Lycoris caldwellii - some thoughts and praise

James Waddick
Sun, 02 Sep 2007 09:05:57 PDT
Dear Friends,
	Before the sun heats up the garden, I did my morning patrol 
and was impressed at Lycoris caldwellii. I mentioned this species 
briefly in a recent note to PBS.

	This species is a member of the subgenus Lycoris mostly 
characterizes by the spidery flowers and fall foliage (though not all 
fit this generalization). L. cadwellii is an exception in both ways. 
The flowers are more 'nearly' regular than spidery and foliage 
appears in spring. The karyotype is identical to that of L. 
squamigera (2n = 27) and has been sterile here. Like L. squamigera it 
could be a natural hybrid involving L. sprengeri and L. straminea, 
but this is just guessing.

	The flowers in bud show pink stripes similar to L. incarnata, 
but the buds open a uniform pale yellow tipped with faint pink.

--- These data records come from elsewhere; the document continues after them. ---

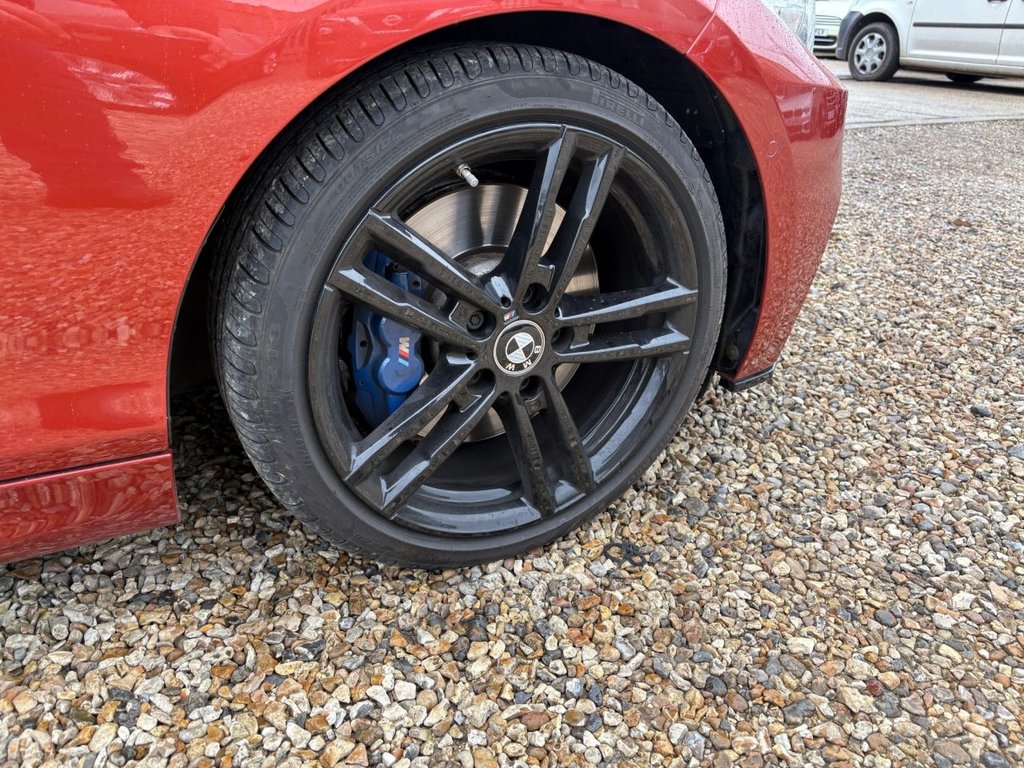 Used BMW 2 Series 2021 for sale - 78044437: Photo 18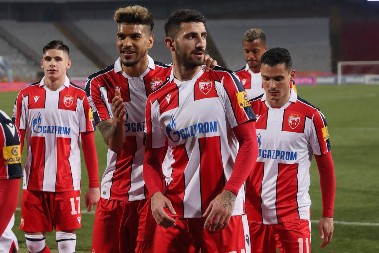 NIJE SE PROSLAVIO U ZVEZDI, PA POSTAO PRAVI "GLOBTROTER" Iskusni defanzivac obišao pola Evrope, preselio se na egzotičnu destinaciju, pa doživeo neprijatnost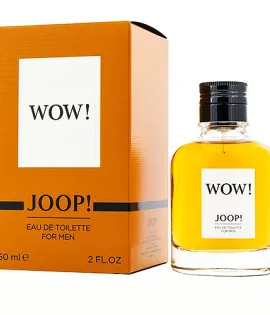 Wow edt 100ml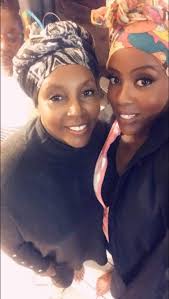 Politician JM Kariuki's kin grieve the mysterious death of a loved one in  the US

	During my walk I realized it is planted in six parts of the 
garden. The most exposed, driest and largest planting is not blooming 
well. Four short stalks where there should be dozens. Elsewhere the 
stalks are nearly full size and each site has multiple stems nearly 
normal. This is very different from all other Lycoris this season . 
Where they managed to bloom at all, single stems were more common 
than multiple stems and they were distinctly shorter than normal.

	Perhaps L. caldwellii shows some better drought tolerance by 
blooming at nearly normal season, two weeks to 10 days after L. 

	So although the pale flowers are subdued, they still are 
produced in clumps and in the cooler morning air are certainly worth 
the stroll. On all counts it has performed as well as L. squamigera.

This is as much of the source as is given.